Congregational Church of Union celebrates 275th anniversary
By Kitty LeShay - ReminderNews
Union - posted Wed., Dec. 11, 2013
“The Little Church That Built a Town” could not be a more appropriate title for Jeannine Upson’s book. Upson is a long-time member of the Congregational Church of Union, and has a lot of first-hand knowledge about its history. “I was the clerk of the church for many years and had all these records. In 1974 I was instrumental in starting the Union Historical Society,” she said. Upson’s book updates the church’s history since 1984, adding to the interesting history which is reflective of how most New England towns became established: they were centered on a church.

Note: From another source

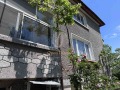 Продава КЪЩА, област Пловдив, с. Караджово • 170000 € / 332491.10 лв. • 37074286 5 — Holmes.bg Продава КЪЩА, област Пловдив, с. Караджово • 170000 € / 332491.10 лв. • 37074286 5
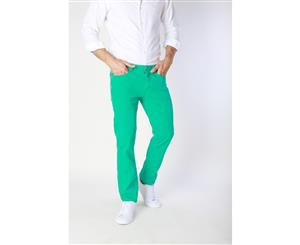 Jaggy Original Men's Jeans Pant - 3741104013386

Between 1718 and 1730, Scotch-Irish Presbyterians settled in the region known as Union Lands. It was the only town in Connecticut in which they settled as they peopled the eastern seaboard. They joined with the Puritans who were living in the region and received permission from the General Assembly in 1734 to incorporate as a town. The church was established in 1738 in what is known as the Grove. The present-day church was built in 1833 on the Buckley Highway in Union Village and still serves as a center of community life in 2013.
“This church anchors and holds the town together. We reach out to all residents of the community in their moments of joy and need,” said the Rev. Jessica McArdle. “We are a missional church.”
The update of the history in Upson’s book complements the celebrations of the church's 275th anniversary. The events acknowledging 275 years began six months ago and were highlighted this month with a Christmas Concert featuring the Quinebaug Valley Singers on Dec. 8. On Dec. 15, the church had the actual celebration with a congregational breakfast and a special service performed by McArdle honoring long-time members and hosting former pastors.
In 1738, when the church was established, there were 120 residents, and at the last census the number was 854. Helen Bradway has been a dedicated parishioner for 64 years. “The church has been a big part of my life. It has supported and sustained me for all the important events of my life,” she said.
Upson is not ready to start another book right now. “It was a satisfying and time-consuming project. I hope that future generations will read this history and will document their own history. If they don’t, it will be gone,” she said.